Durante mais ou menos uma hora, todos circulavam à vontade, passeando pela casa como se fosse um parque de diversões. Todos se maravilhavam com a extensa coleção de relógios e com as estátuas gigantescas que retratavam Luís XIV montado a cavalo e Davi matando Golias. A sala de jogos abarrotada de máquinas oferecia de tudo - desde Space Invaders até um touro mecânico; na sala de troféus, os visitantes podiam admirar o número estonteante de discos de platina. Na galeria, relíquias de quase 20 anos de show business: um boneco de cera em tamanho natural de Michael, vitrines com os paletós ao estilo Sgt.

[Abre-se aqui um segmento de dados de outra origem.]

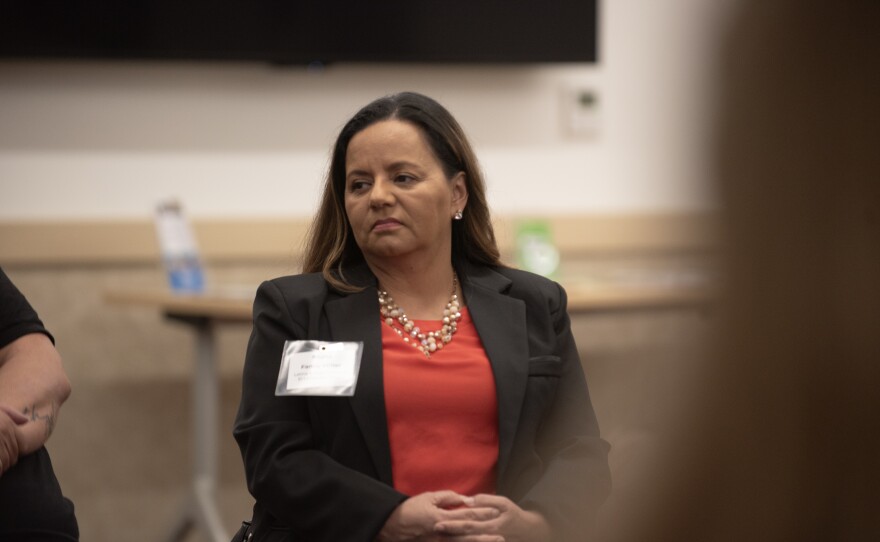 Fanny Miller discusses with other South Bay community leaders at the San Ysidro library on Tuesday, Feb. 20, 2024.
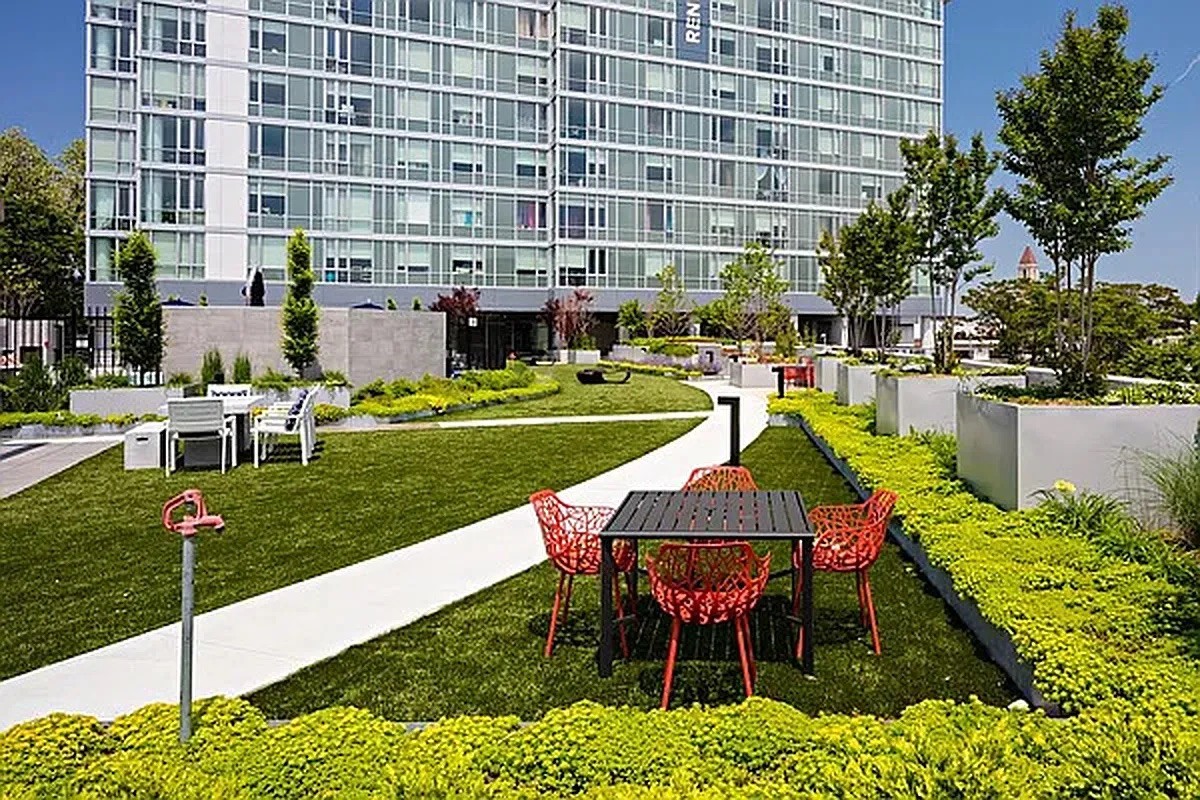 1524 Sheepshead Bay Road, Unit 3C Brooklyn, NY 11235 - Photo 17 of 25 a swimming pool with outdoor seating and yard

Pepper's de sua propriedade, meias cobertas de lantejoulas, as famosas luvas. E as fotografias: centenas delas cobriam as paredes e remontavam aos primeiros anos de carreira de Michael, quando era astro infantil. Michael e o presidente Reagan. Michael e Fred Astaire. Michael e Yul Brynner. Michael e Liza Minelli. Michael e Liz Taylor.

E havia a alternativa de se divertir com o incansável Bubbles. Vestido com calça e suspensório, sob o olhar atento de seu treinador, Bob Dunn, o chimpanzé levado estava disposto a brincar com qualquer pessoa que demonstrasse interesse nele. Posou para fotos com convidados, deu cambalhotas para trás e apresentou sua própria versão do moon walk de Michael. Pouco antes do jantar, Michael se materializou com a irmã LaToya, caminhando na direção das mesas arranjadas no pátio dos fundos. Parecia ter saído diretamente da capa de Bad: calça preta, camisa preta, cintos com tachas de metal. Só faltou a jaqueta preta de Bad, adornada de zíperes e fivelas (LaToya, 31, também estava de preto; tão parecida com Michael que chegava a assustar, à exceção do quepe branco de marinheiro).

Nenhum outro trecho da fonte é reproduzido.